Er schrieb im Jahre 1696 ein Buch mit dem Titel Theosophia practica.
Auf dem Titelblatt dieses Buches steht der Satz: "Wo und wie
eigentlich ihre Centra im inneren Menschen stehen; gleich wie sie der
Autor selbst im göttlichen Schauen in sich gefunden und gegenwärtig in
sich schmecket und fühlet." In dem Buch selbst sind alte
Farbholzschnitte abgebildet, auf denen die Bewusstseinszentren
eingezeichnet sind (siehe Abbildung).
Die
Hopi
Auch indianische Weisheitslehren kennen die Chakren.
So werden nach Frank Waters Buch der Hopi (S. 26) beginnend mit
dem Scheitelchakra fünf Zentren beschrieben. "Der erste dieser
Zentren lag beim Menschen am Scheitel.

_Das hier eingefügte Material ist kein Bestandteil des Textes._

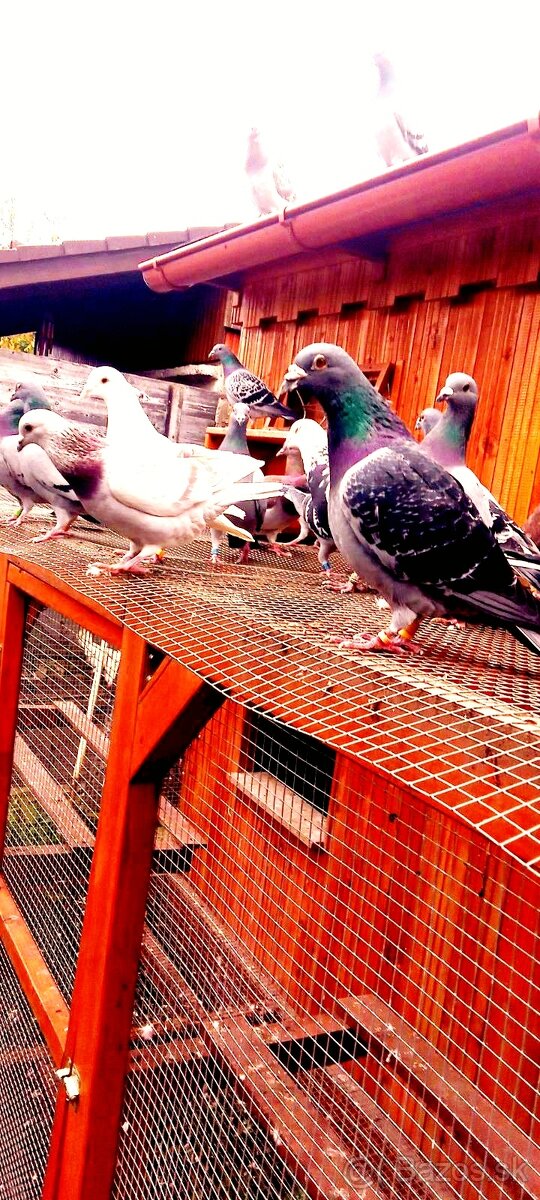 Poštové holuby samčeky - 5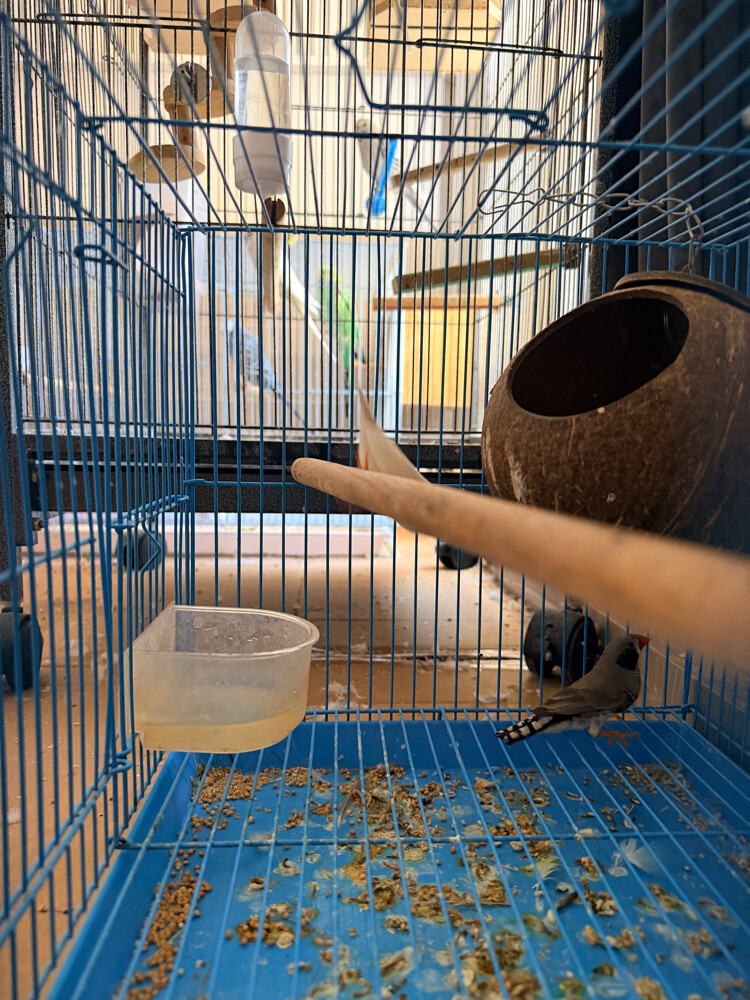 finches with chicks - 3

Hier war bei seiner Erschaffung
die weiche Stelle, kopavi, die ‘offene Tür’, gewesen, durch die er
das Leben empfing und mit seinem Schöpfer verbunden war. Bei jedem
Atemzug hatte sich die Stelle auf und ab bewegt - in sanfter Schwingung
vereint mit dem Schöpfer. Zur Zeit des roten Lichts, Talawva, dem
letzten Abschnitt seiner Erschaffung, wurde die Stelle hart, und die
Tür schloss sich. Sie blieb geschlossen bis zum Tod, um sich dann zu
öffnen, damit das Leben gehen konnte, wie es gekommen war."